It is with this same curious look that, here at Pande, we seek to learn about other realities, cultures and processes, in order to create innovative solutions for our customers. And the movies about design and creativity are quite a source of inspiration!

Through these productions, we not only have the chance to learn from other creatives, but also to understand how they deal with their difficulties. And let’s agree, this is essential for us, right? And as we love to share our references, we have prepared a special selection of movies and TV Shows for those who follow our blog. Prepare your bucket of popcorn and enjoy the session!
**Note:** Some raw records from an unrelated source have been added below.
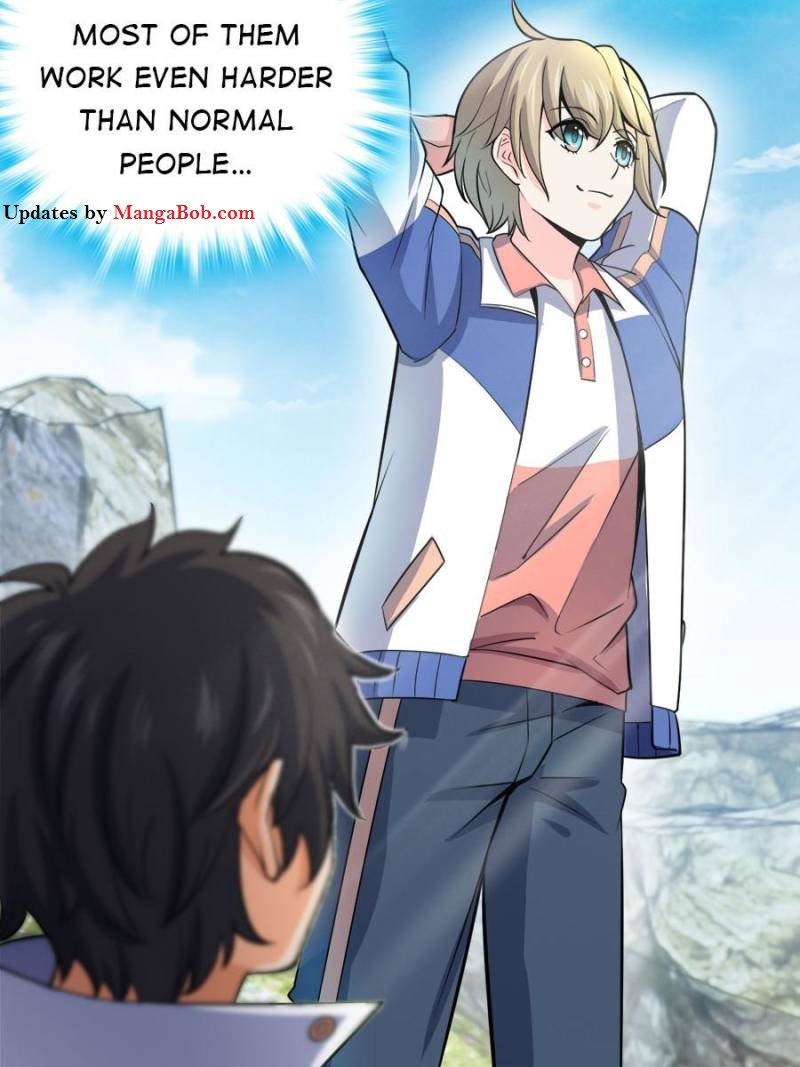 Spare Me, Great Lord! chapter 73 page 3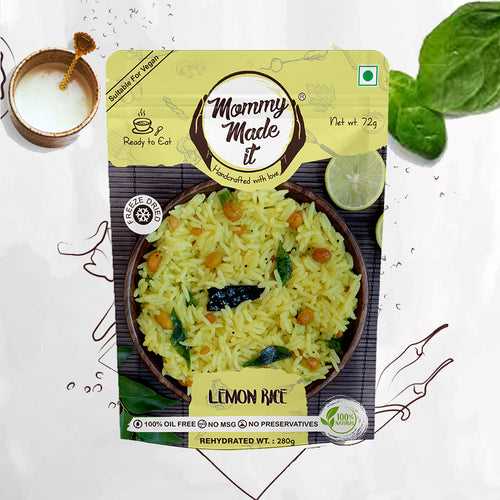 Lemon Rice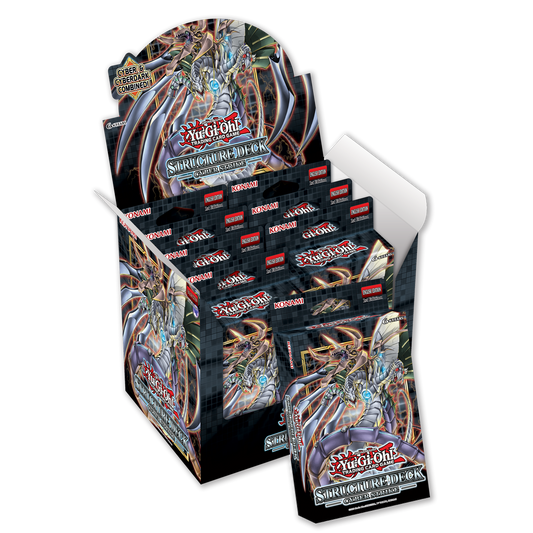 Yu-Gi-Oh! Structure Deck Cyber Strike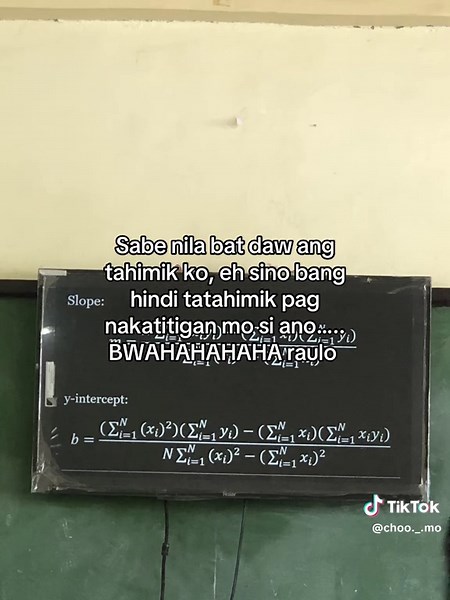 Understanding Classmate Crushes: A TikTok Perspective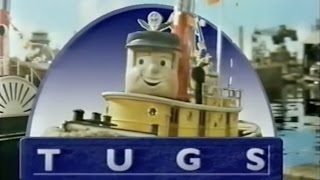 Tugs episode 1  Sunshine TVS Production 1988 1st shown in 1989 [upl. by Eirol711]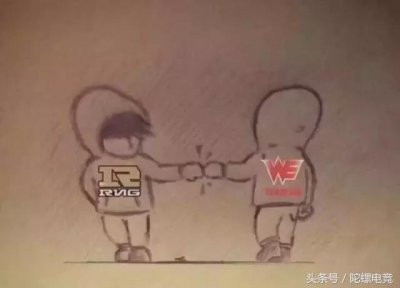 ​抱歉！加里奥风女大嘴真的可以为所欲为！WE与RNG上海会师！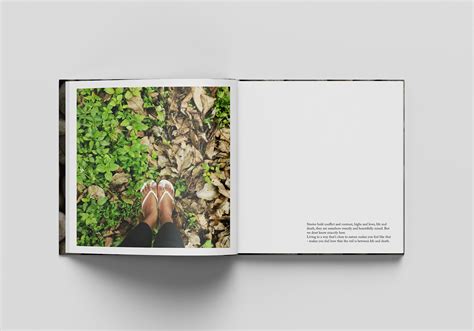 Publication Design- Coffee Table Photobook on Behance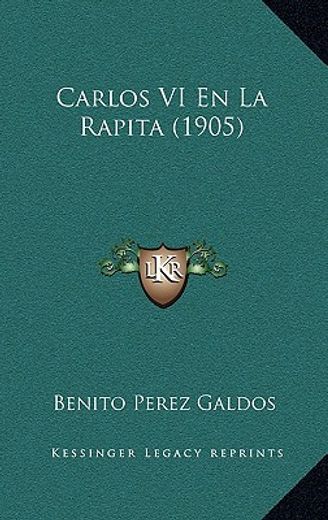 carlos vi en la rapita (1905)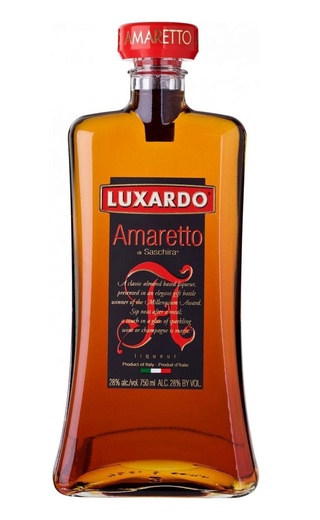 фото Luxardo Amaretto di Saskira 1 л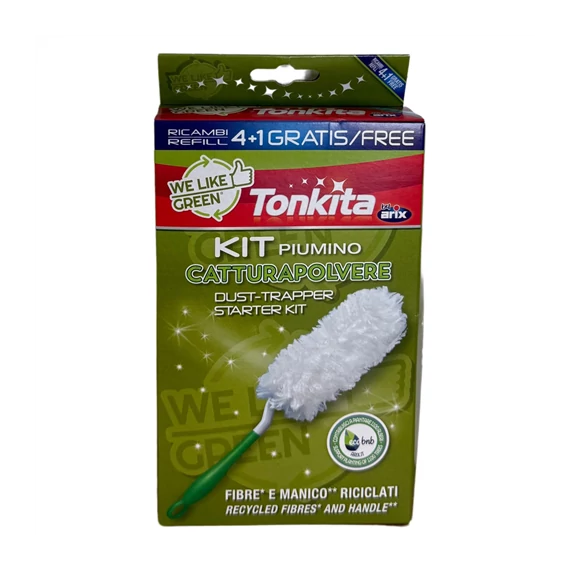 Tonkita green portalanító kezdő csomag  62514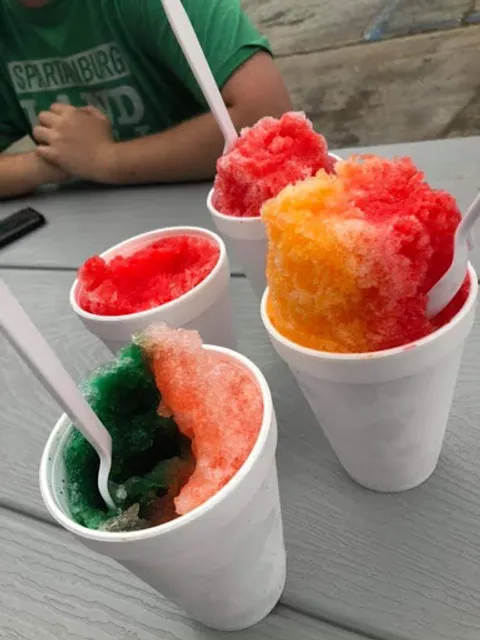 Pelican's SnoBalls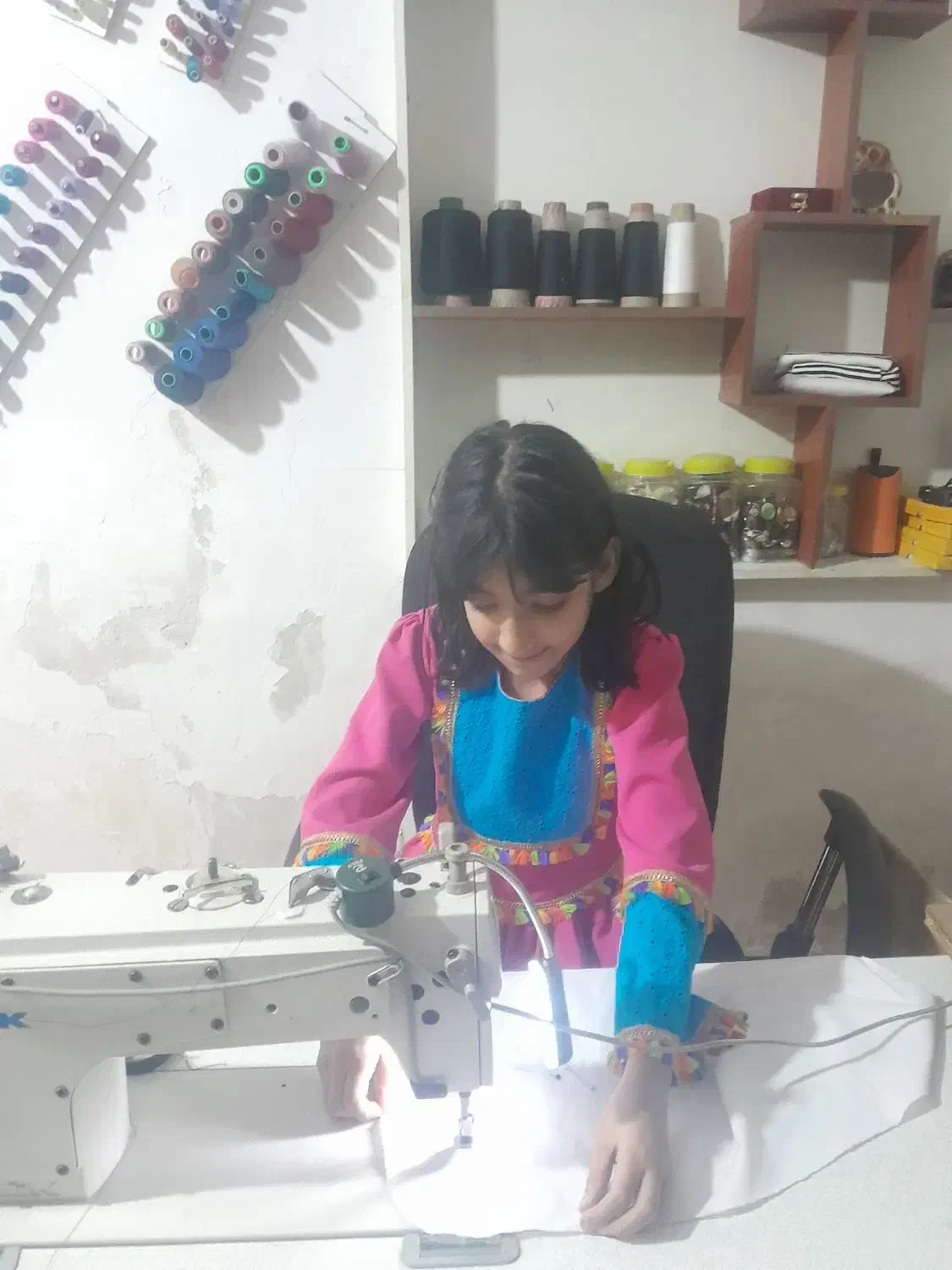 باآموزشهای آسان ما یکماهه خیاط شو|خدمات آموزشی|بندر ماهشهر, |دیوار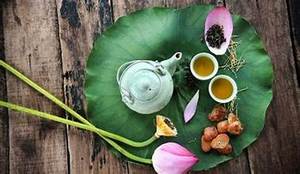 กลีบดอกบัวสมุนไพรสูตรดีท็อกซ์ฉลากสะอาดใช้เพื่อสุขภาพประจำวัน - Product Image 3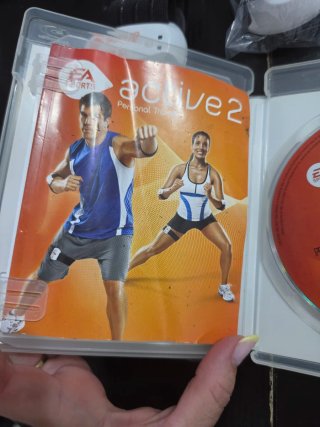 EA Sports Active 2 PS3 + Accesorios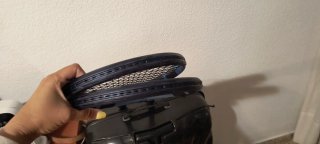 Raqueta Babolat Pure Drive Casi Nueva
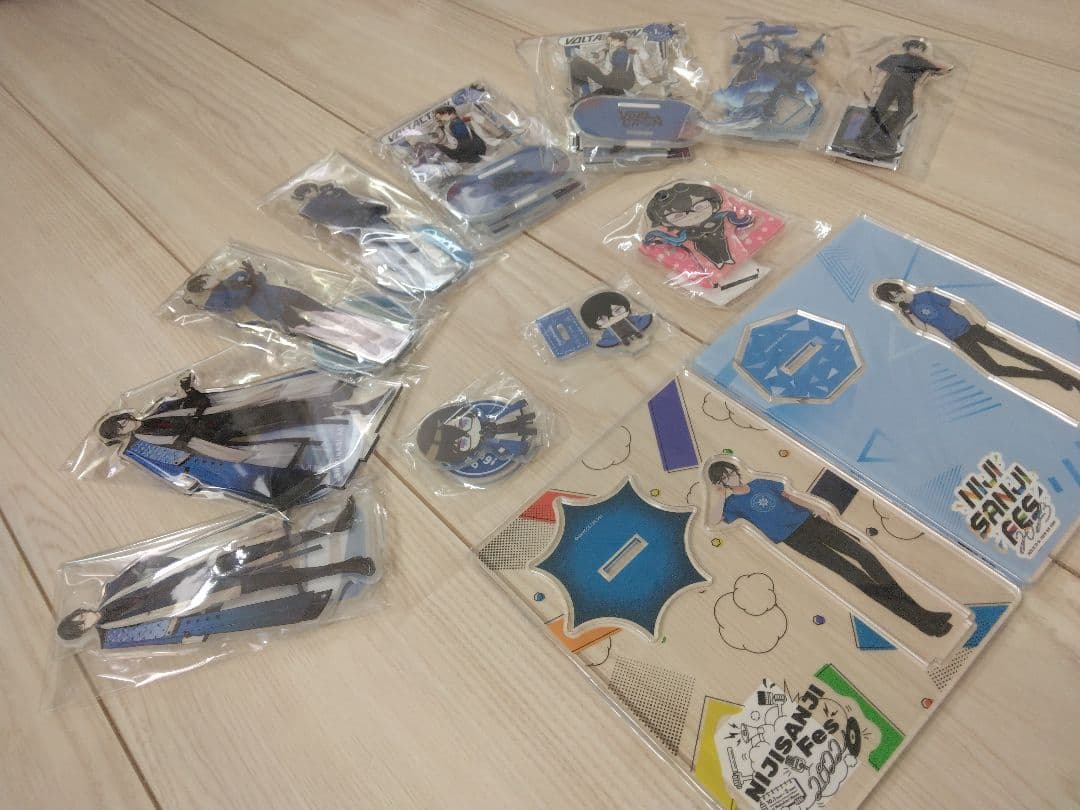 【四季凪アキラ】 グッズまとめ売り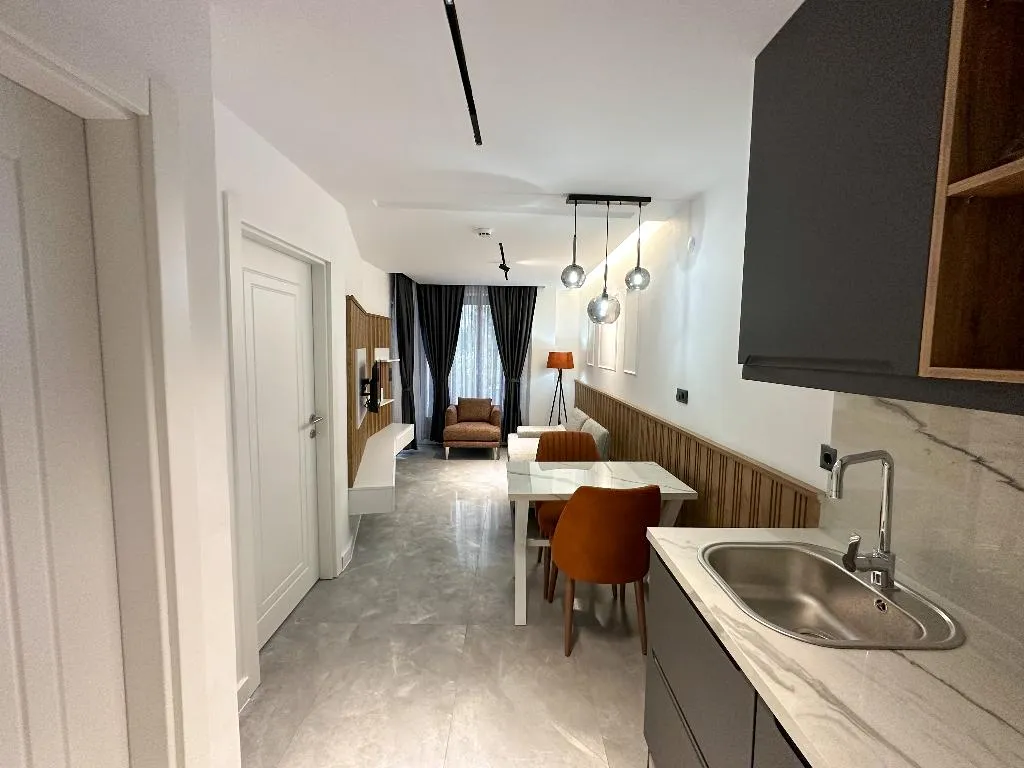APARTMENT ONE BEDROOM Room, Happy Apart Hotel, Izmir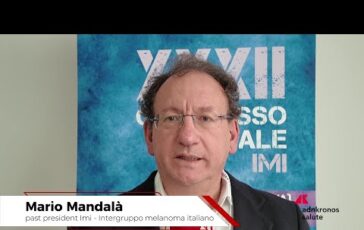 melanoma mandala imi oggi piu del 50 dei pazienti e vivo a dieci anni 2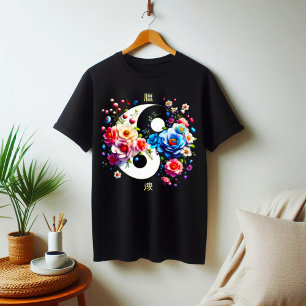 T-shirt Yin Yang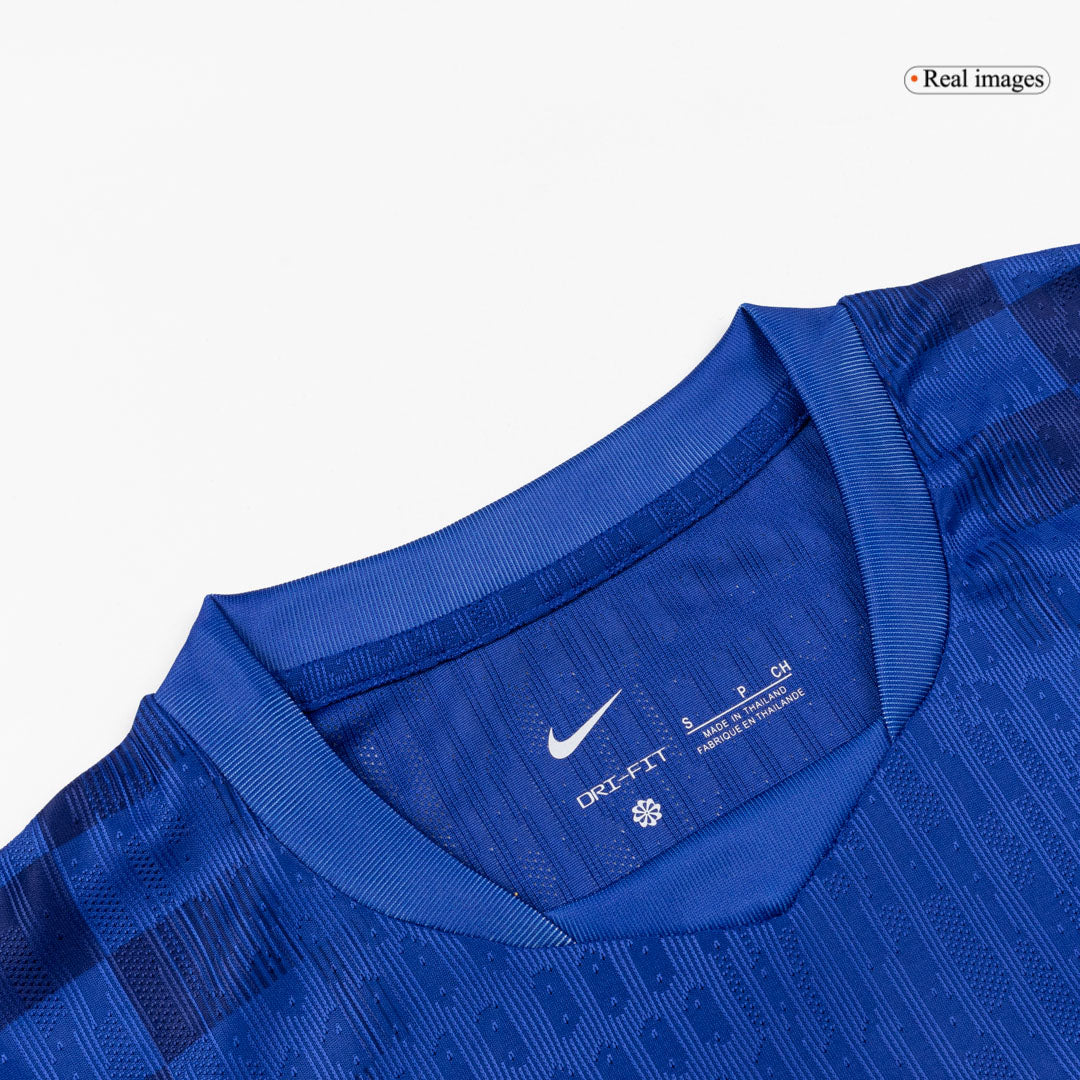 MODRIĆ #10 Mens Croatia World Cup Away Jersey 2026 - Player Version (Slim Fit)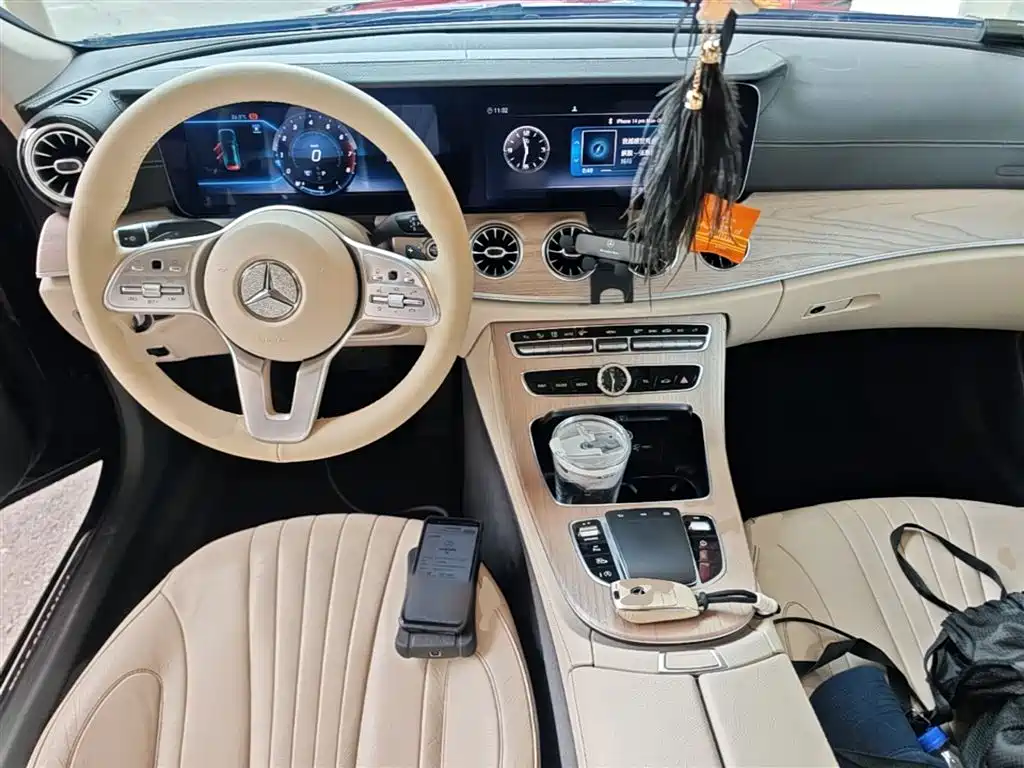 Mercedes-Benz CLS 2018 CLS 300 Dynamic фото 10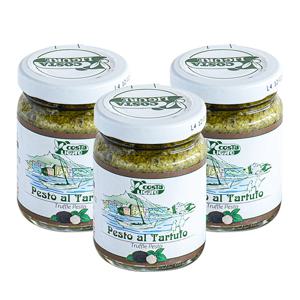 트러플 페스토 90g*3개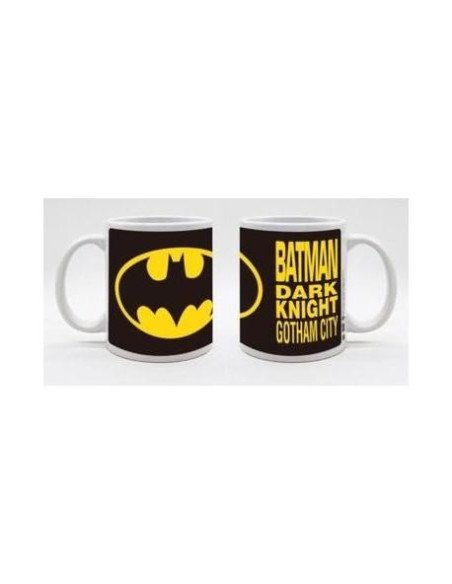 TAZA BATMAN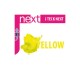 J-TECK-NEXT ΜΕΛΑΝΙ SUBLIMATION YELLOW 1000ML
Helvetica (Gary Hustwit, 2007)

In this independent feature film, American photographer and filmmaker Gary Hustwit conducts a series of interviews to understand the origins and impact of one of the most well-known typographic sources in the world: Helvetica. This icon of Swiss design from the 1960s and 1970s was created by Max Miedinger and Eduard Hoffmann in 1957 and won the world when Linotype started selling it in 1961. In addition to paying tribute to the source of the font, the documentary invites us to think about how typography can influence visual culture.

With this same approach to the impact of design on our daily lives, Gary Hustwit also directed the documentaries “Objectified” (2009) and “Urbanized” (2011). The first shows the creative process involved in the design of famous objects in the history of design, such as Apple computers and the Panton chair, and their dialogues with people’s daily lives. The second, on the other hand, investigates what contemporary urban projects have to tell us about the future of cities. It is worth binge-watch it!

Feels Good Man (Arthur Jones, 2020)

The pacifist Matt Furie, cartoonist who created the character Pepe the Frog, could not predict the proportions that his character would take, inspired by the adventures he and his friends lived in college days. The smiling frog came out of his independent publication, spread through memes on the internet, was appropriated by extremist groups and helped to change the direction of the American election in 2016. To tell this story and Furie’s struggle to recover the sweetness of his creation that Arthur Jones made the documentary.

The film, winner of the Special Jury Prize for best new documentary for director debuting at the Sundance Festival, helps us to reflect on the risks brought by the internet – and, especially, by the culture of memes – to the authorship of projects. After all, everything that inspires and impresses us in the digital world comes from a place and from someone’s creative process. How about meeting these people and thinking more about what we share on our networks?

Abstract: The Art of Design (produção de Scott Dadich, 2017)

Here, we’re at home! Jokes aside, in this two-season Netflix series, produced by former editor-in-chief of Wired magazine, Scott Dadich, we follow the journeys and processes of designers from different areas: from Paula Scher, typography, to Tinker Hatfield, Nike shoes. This is totally worth seeing, of course with a notebook in hand, to write down the references and quotes!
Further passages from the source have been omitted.